Search the data for "with" and copy every matching line.

[[ Data shown open ]]

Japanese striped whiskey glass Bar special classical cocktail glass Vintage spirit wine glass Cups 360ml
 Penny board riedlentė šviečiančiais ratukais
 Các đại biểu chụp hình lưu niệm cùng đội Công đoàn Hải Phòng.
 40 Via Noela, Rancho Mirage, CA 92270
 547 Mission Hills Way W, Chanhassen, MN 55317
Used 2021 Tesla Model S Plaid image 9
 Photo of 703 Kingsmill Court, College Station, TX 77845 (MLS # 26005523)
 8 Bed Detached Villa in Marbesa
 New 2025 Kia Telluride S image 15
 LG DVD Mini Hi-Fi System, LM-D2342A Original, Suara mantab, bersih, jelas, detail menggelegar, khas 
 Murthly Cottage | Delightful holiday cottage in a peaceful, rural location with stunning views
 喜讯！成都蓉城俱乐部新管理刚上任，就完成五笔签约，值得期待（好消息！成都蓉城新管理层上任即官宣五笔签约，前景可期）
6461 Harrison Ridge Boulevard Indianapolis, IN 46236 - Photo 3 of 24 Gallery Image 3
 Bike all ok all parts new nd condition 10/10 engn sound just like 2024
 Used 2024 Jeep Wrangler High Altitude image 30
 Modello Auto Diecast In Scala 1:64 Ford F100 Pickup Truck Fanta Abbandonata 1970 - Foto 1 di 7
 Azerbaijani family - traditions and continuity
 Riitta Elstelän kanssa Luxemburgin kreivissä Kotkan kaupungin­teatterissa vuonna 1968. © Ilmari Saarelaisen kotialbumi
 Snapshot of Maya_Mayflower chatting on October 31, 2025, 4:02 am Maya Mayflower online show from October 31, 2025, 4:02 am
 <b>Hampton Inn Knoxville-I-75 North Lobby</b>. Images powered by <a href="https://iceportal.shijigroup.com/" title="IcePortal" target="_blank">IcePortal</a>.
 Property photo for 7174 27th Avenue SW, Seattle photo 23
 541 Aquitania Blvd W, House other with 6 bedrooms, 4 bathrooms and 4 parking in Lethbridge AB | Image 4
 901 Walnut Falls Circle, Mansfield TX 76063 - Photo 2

[[ Data shown closed ]]

- Output for this task -
 Murthly Cottage | Delightful holiday cottage in a peaceful, rural location with stunning views
 541 Aquitania Blvd W, House other with 6 bedrooms, 4 bathrooms and 4 parking in Lethbridge AB | Image 4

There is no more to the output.